Despite these global data, to our knowledge, evidence from Middle Eastern countries is lacking on the possible effects of hypoalbuminemia on highly protein-bound oral oncolytic drugs in adult patients with solid tumors in Saudi Arabia. This study aims to assess the effect of hypoalbuminemia on drug tolerability in adult patients treated with highly protein-bound targeted oral oncolytic therapy at one of the Ministry of National Guard Health Affairs (MNGHA) affiliated hospitals.
Materials and Methods
Study Design and Setting
This retrospective, single-center cohort study included adult patients with solid tumors treated with highly protein-bound (≥95% protein binding) Tyrosine Kinase Inhibitors (TKIs) at a Ministry of National Guard Health Affairs-affiliated tertiary hospital. The study period was between January 1, 2016, to December 31, 2022. This study was approved by the King Abdullah Medical Research Center (KAIMRC) Institutional Review Board (SP23R/144/06). The study was conducted in accordance with ethical principles derived from the Declaration of Helsinki. Given the retrospective nature of data review, informed consent was waived, and all patient information was handled in compliance with institutional privacy regulations.
Eligibility Criteria
A total of 450 adult patients newly initiated on TKIs were screened for study eligibility through electronic record review using BESTCare 2.0. The final analytic cohort consisted of 127 patients who met all inclusion criteria (Figure 1).
 |
Figure 1 Flowchart of Inclusion and Exclusion Criteria. |
Data Collection and Variables
Baseline demographic and clinical data were extracted from BESTCare 2.0 and documented using secure data collection forms managed on Google Forms. Variables collected at TKI initiation included age, sex, weight, height, performance status, cancer type and stage, prior therapy lines, proteinuria status, baseline albumin, prescribed oral TKI regimen (dose and frequency), and history of liver or kidney disease. Patients were stratified into two groups based on baseline serum albumin, with hypoalbuminemia defined as <3.5 g/dL per institutional criteria.
TKI Medications Included
The analysis included adult patients receiving highly protein-bound oral tyrosine kinase inhibitors, identified through confirmed prescriptions in the institutional EHR. The TKIs assessed were Axitinib, Pazopanib, Sorafenib, Alectinib, Cabozantinib, Erdafitinib, Lapatinib, Neratinib, Regorafenib, Dasatinib, Lenvatinib, Erlotinib, Sunitinib, and Osimertinib. Agents were selected based on documented high protein-binding profiles consistent with the study’s inclusion focus.

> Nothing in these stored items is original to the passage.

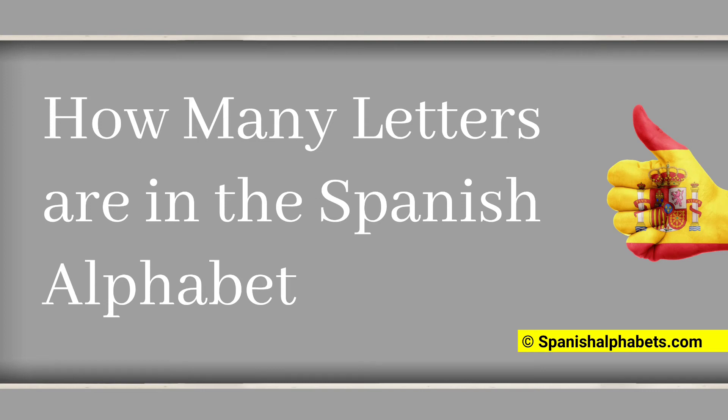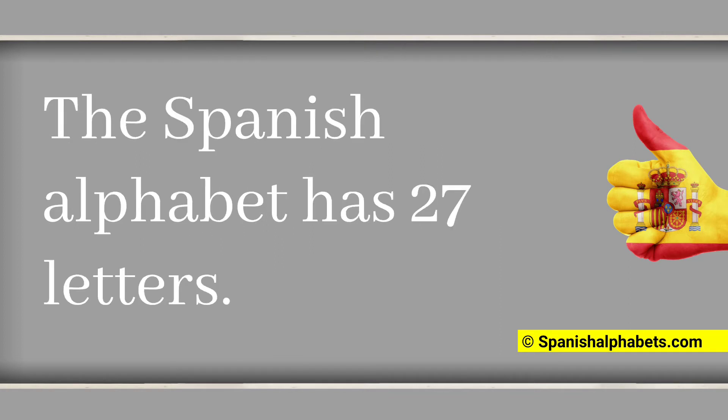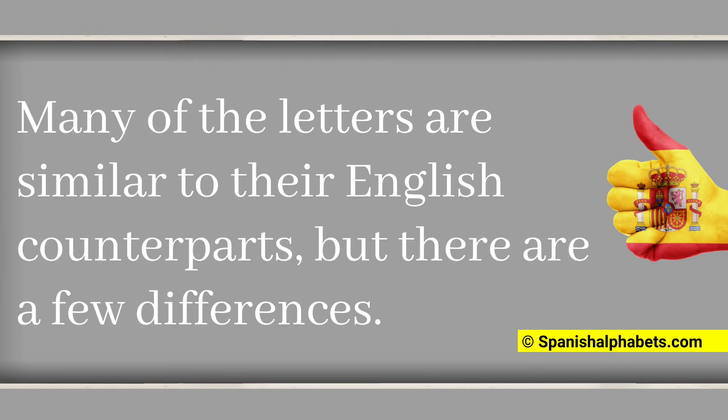How many letters are in the Spanish alphabet? Are you looking for a well-researched answer to your question? If so, you've come to the right place. Spanish, like English, is a Latin-based language. As such, it has 27 letters in its alphabet. Many of the letters are similar to their English counterparts, but there are a few differences.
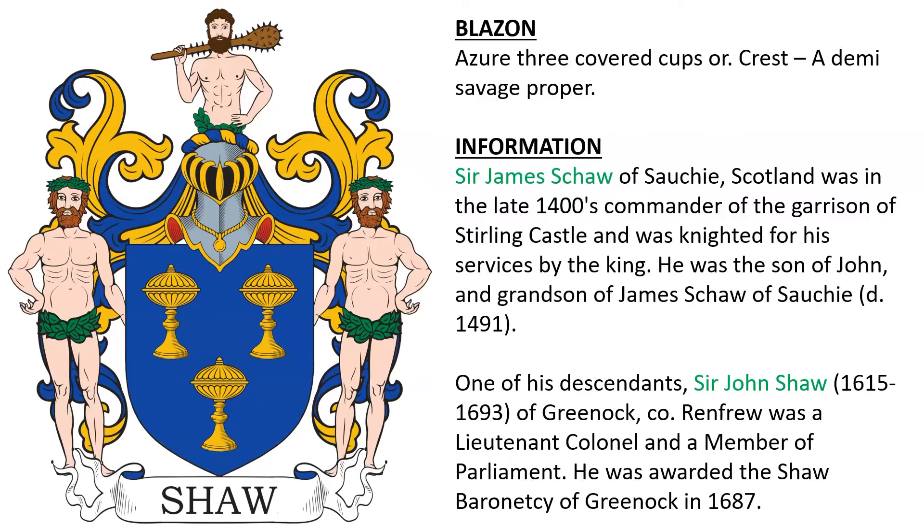Azure, three covered cups or. This belonged to the Shaws of Scotland. Sir James Shaw of Sauchi, Scotland, was in the late 1400s a commander of the garrison of Stirling Castle and was knighted for his services by the king. He was the son of John and the grandson of James Shaw of Sauchi, who died in the year 1491. One of his descendants, Sir John Shaw, born around the year 1615, was of Greenock in Renfrew, Scotland. He was a lieutenant colonel and a member of parliament, and was awarded the Shaw Baronetcy of Greenock in the year 1687.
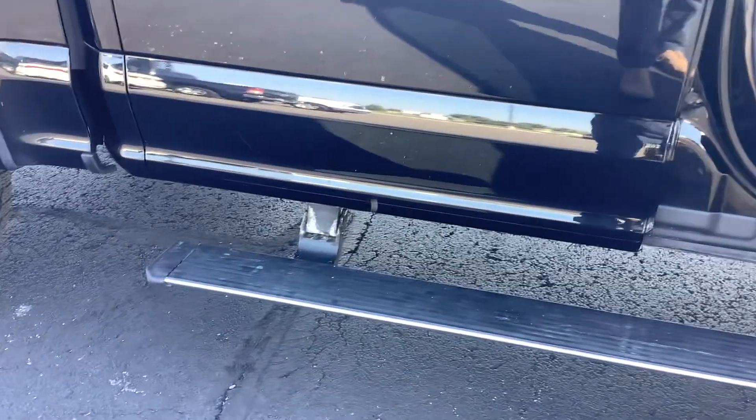The Lariat does have the power running boards and power passenger seat. The seat is in excellent condition. Back seat has heated rear seats and power outlets. The leather, again, is in excellent condition.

Clinical Function Screening
Hepatic dysfunction was defined as ALT or AST >2.5× ULN, or total bilirubin >1.5× ULN, with bilirubin >3× ULN considered in patients with documented Gilbert syndrome. Renal dysfunction was confirmed by prior diagnosis of kidney impairment (eg, chronic kidney disease) or serum creatinine >1.5× ULN, followed by creatinine clearance estimation using the Cockcroft–Gault equation when applicable, where a value <50 mL/min supported renal dysfunction classification.
Outcomes and Severity Classification
Primary outcomes included overall survival proportions, adverse event severity, and TKI treatment failure in relation to baseline albumin. Treatment failure was defined as permanent TKI discontinuation or therapeutic change due to disease progression, lack of clinical benefit, intolerability, illness, or non-probability-related dose-limiting toxicity. Adverse events were graded using CTCAE v5.0, where Grades 1–2 reflected mild to moderate clinical severity and Grades 3–5 represented severe or irreversible outcomes. Additional analytic data included incidence and timing of any-grade adverse events, TKI dose reductions or interruptions (dates, causes, and duration), albumin at each adverse event, discontinuation dates, and failure outcomes resulting in death.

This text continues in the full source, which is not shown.